WHAT YOU NEED TO DO
Without changing a word, copy every line of the listing below and leave out the images.

STORED DATA
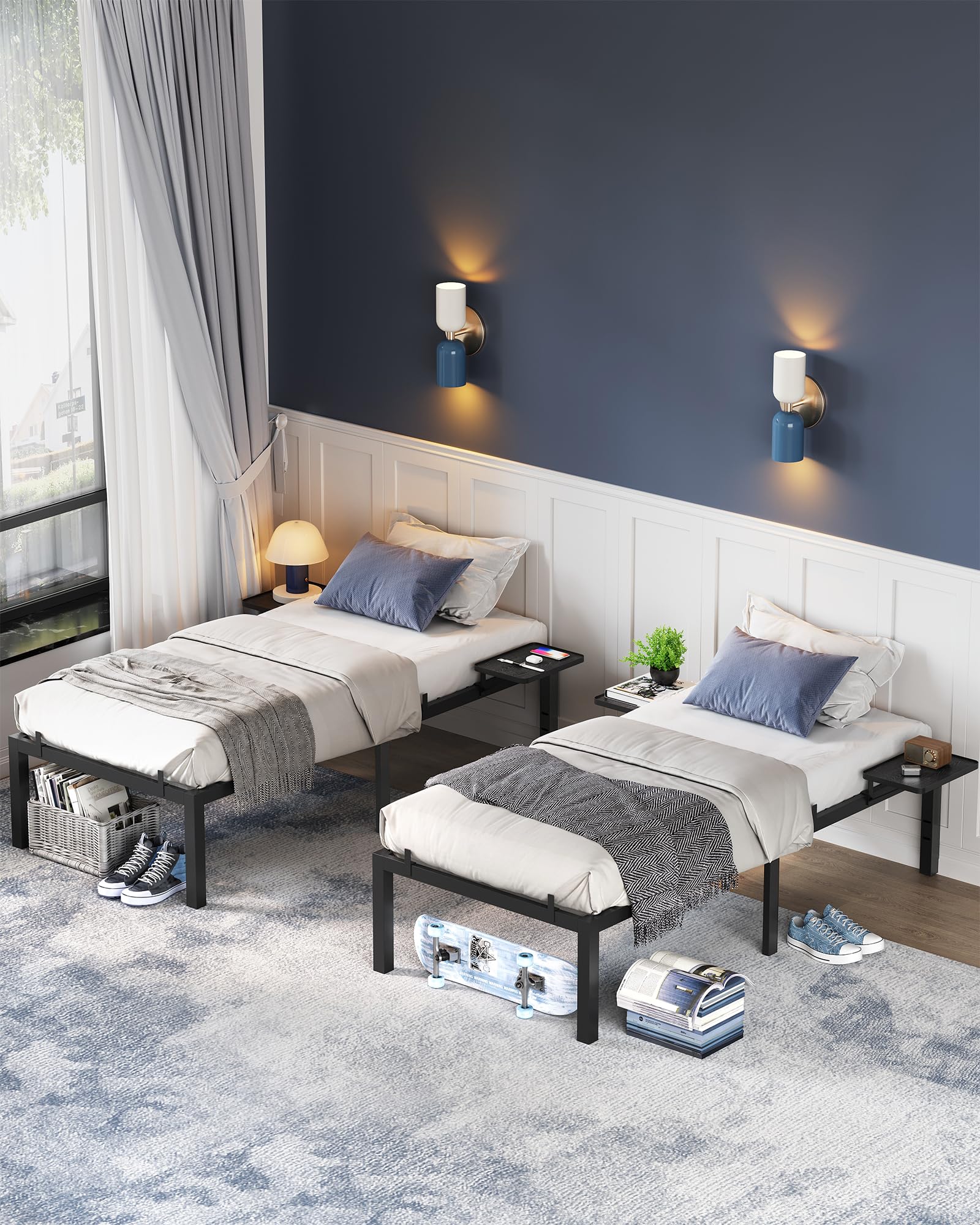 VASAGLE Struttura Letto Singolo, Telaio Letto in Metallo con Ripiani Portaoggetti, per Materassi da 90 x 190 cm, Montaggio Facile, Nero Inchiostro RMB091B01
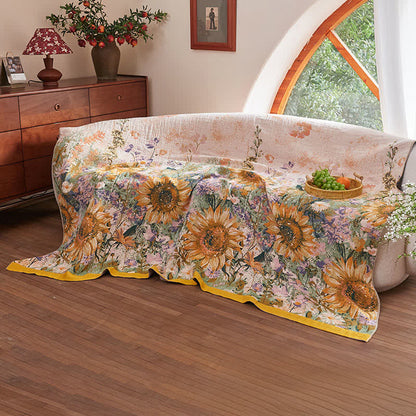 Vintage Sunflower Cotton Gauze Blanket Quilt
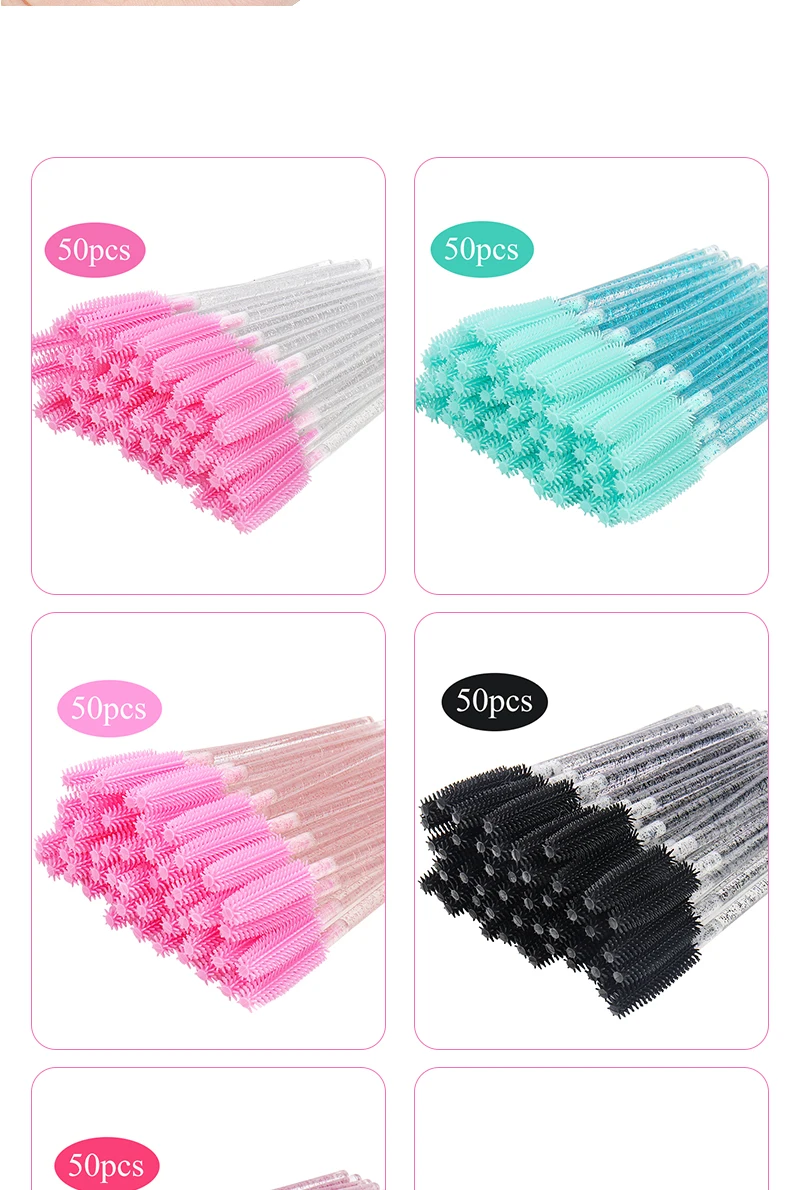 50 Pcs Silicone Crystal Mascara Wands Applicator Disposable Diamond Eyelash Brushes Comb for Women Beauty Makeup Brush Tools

RESPONSE BELOW
 VASAGLE Struttura Letto Singolo, Telaio Letto in Metallo con Ripiani Portaoggetti, per Materassi da 90 x 190 cm, Montaggio Facile, Nero Inchiostro RMB091B01
 Vintage Sunflower Cotton Gauze Blanket Quilt
 50 Pcs Silicone Crystal Mascara Wands Applicator Disposable Diamond Eyelash Brushes Comb for Women Beauty Makeup Brush Tools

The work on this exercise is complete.